What Today’s EMBA Program Looks Like

THE TYPICAL EMBA classroom and curriculum is changing a little—not a lot—while program structures and student demographics remain steady, according to the 2013 Membership Program Survey conducted by the Executive MBA Council, headquartered in Orange, California.
What Today’s EMBA Program Looks Like

Conclusions are based on responses from 314 schools that are members of the EMBA Council.

What’s changing: The percentage of course materials delivered electronically has tripled since 2010, and more programs are offering new electives, formats, and services. The top three new non-elective courses are leadership, law, and innovation/entrepreneurship. The most common and fastest-growing service is alumni networking.

What’s holding steady: Average class size is once again 43, and the average program length continues to be 20 months.

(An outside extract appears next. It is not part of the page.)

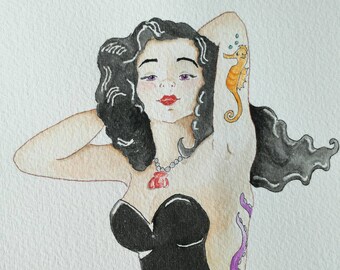 Tattooed Pin-Up Mermaid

Other numbers remain similar to those of previous years: Typical EMBA students have 8.5 years of management experience and 13.7 years of work experience. Just over 25 percent are women.

Other findings: The average program cost is US$73,401, up 1 percent from the previous year. Forty-one percent of EMBA students are fully self-funded, up from 34 percent in 2009, while 24 percent of students receive full financial sponsorship. Fifty-three percent of programs offer scholarships and fellowships.

The survey also shows that there has been a shift toward less frequent class meetings, that almost 66 percent of programs require a global trip, and that China is the most popular destination.